This gadget uses the _IG_FetchXmlContent() function
to retrieve the breakfast XML file as a DOM tree. Like the _IG_FetchContent() function, _IG_FetchXmlContent() is
asynchronous, meaning that it returns immediately and then calls
the inner function later, when the fetch finishes. This means that
you must put any dependent code inside the callback function, or
inside functions called by the callback function. In the following
example, all processing happens inside the callback function.
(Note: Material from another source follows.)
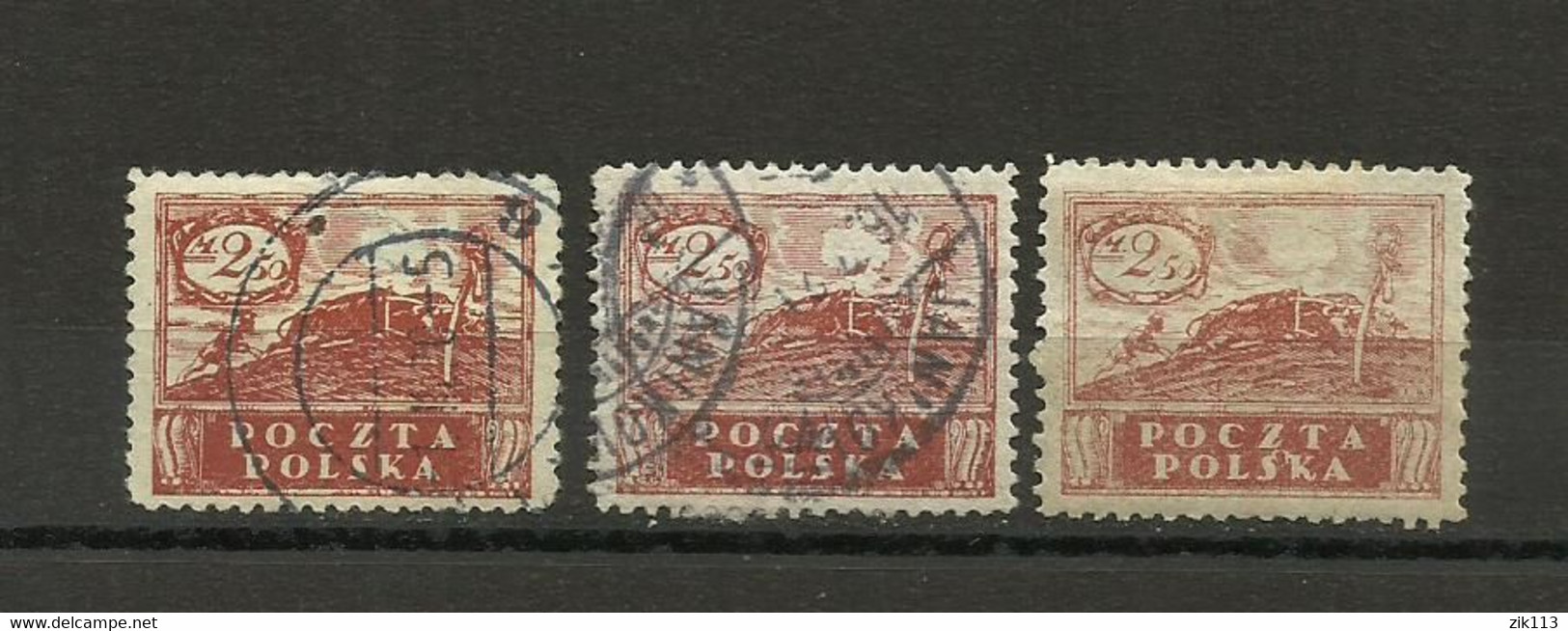 Poland 1919 - Fi. 95 B Different Variants - Used Stamps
Here
is the gadget:
The following code illustrates how to walk the DOM tree to extract data from different node types, and how to combine the data with HTML and CSS markup for display in the breakfast menu gadget.
<?xml version="1.0" encoding="UTF-8" ?>
<Module>
<ModulePrefs
title="_IG_FetchXmlContent Example"
scrolling="true"/>
<UserPref
name="mycalories"
display_name="Calorie limit"
default_value="800"/>
<UserPref
name="mychoice"
display_name="Show Descriptions"
datatype="bool"
default_value="false"/>
<Content type="html">
<![CDATA[
<div id="content_div"></div>
<script type="text/javascript">
function displayMenu() {
// XML breakfast menu data
var url = "http://doc.examples.googlepages.com/breakfast-data.xml";
var prefs = new _IG_Prefs();
// Calorie limit set by user
var calorieLimit = prefs.getString("mycalories");
// Indicates whether to show descriptions in the breakfast menu
var description = prefs.getBool("mychoice");
_IG_FetchXmlContent(url, function (response) {
if (response == null || typeof(response) != "object" ||
response.firstChild == null) {
_gel("content_div").innerHTML = "<i>Invalid data.</i>";
return;
}
// Start building HTML string that will be displayed in <div>.
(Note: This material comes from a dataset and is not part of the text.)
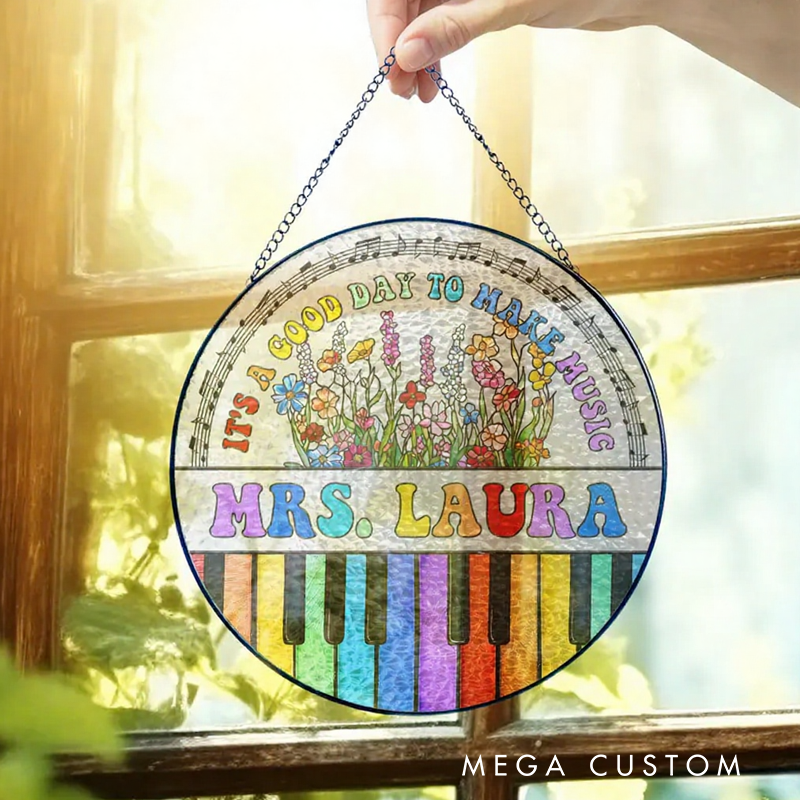 Personalized Name Music Stained Glass Suncatcher Music Lover Gift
// Set the style for the <div>.
var html = "<div style='padding: 5px;background-color: #ccf;font-family:Arial, Helvetica;" +
"text-align:left;font-size:90%'>";
// Set style for title.
html +="<div style='text-align:center; font-size: 120%; color: yellow; " +
"font-weight: 700;'>";
// Display menu title. Use getElementsByTagName() to retrieve the <menu> element.
// Since there is only one menu element in the file,
// you can get to it by accessing the item at index "0".
// You can then use getAttribute to get the text associated with the
// menu "title" attribute.
var title = response.getElementsByTagName("menu").item(0).getAttribute("title");
// Alternatively, you could retrieve the title by getting the menu element node
// and calling the "attributes" function on it. This returns an array
// of the element node's attributes. In this case, there is only one
// attribute (title), so you could display the value for the attribute at
// index 0. For example:
//
// var title = response.getElementsByTagName("menu").item(0).attributes.item(0).nodeValue;
// Append the title to the HTML string.
html += title + "</div><br>";
// Get a list of the <food> element nodes in the file
var itemList = response.getElementsByTagName("food");
// Loop through all <food> nodes
for (var i = 0; i < itemList.length ; i++) {
// For each <food> node, get child nodes.
var nodeList = itemList.item(i).childNodes;
// Loop through child nodes. Extract data from the text nodes that are
// the children of the associated name, price, and calories element nodes.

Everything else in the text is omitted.